Bonum Certa Men Certa

New York Times & Guardian reporting on Modern Slavery Act prosecution of Glodi Wabelua

posted by Roy Schestowitz on Mar 09, 2025

March 08, 2025

Reprinted with permission from Daniel Pocock.

The UK Modern Slavery Act and similar legislation in other countries is highly relevant to some of the rogue practices that have emerged in the open source software environment.

Rather than reading through dry legal texts, it can be useful to read a real world case study. The prosecution of Glodi Wabelua was notable because he was the first person convicted for a domestic trafficking offence where his victims simply traveled on a regular train ticket.

There were rival opinions about this. A New York Times commentary by Selam Gebrekidan expressed concern that drug dealers should be dealt with under laws for drug dealers and that a modern slavery prosecution was some kind of excess.

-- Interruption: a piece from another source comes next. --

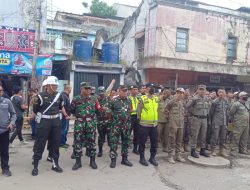 Satpol PP Bersama Tim Gabungan Bongkar Bangunan Melanggar Aturan di Jalan Pasar 16 Ilir Kota Palembang.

The government insisted on these restrictions because, in its eyes, Mr. Wabelua was not just a drug dealer.

He was a slave master.

British prosecutors have made him a test case for a novel interpretation of a 2015 law that was written to prevent the trafficking of Vietnamese women and children. Mr. Wabelua was the first drug dealer to be convicted by a jury under the law, the Modern Slavery Act — not for smuggling anyone into the country, but for dispatching a 16-year-old runner to sell drugs.

The Guardian published a commentary on the same case. The author had gone to school with Wabelua so it is an interesting read.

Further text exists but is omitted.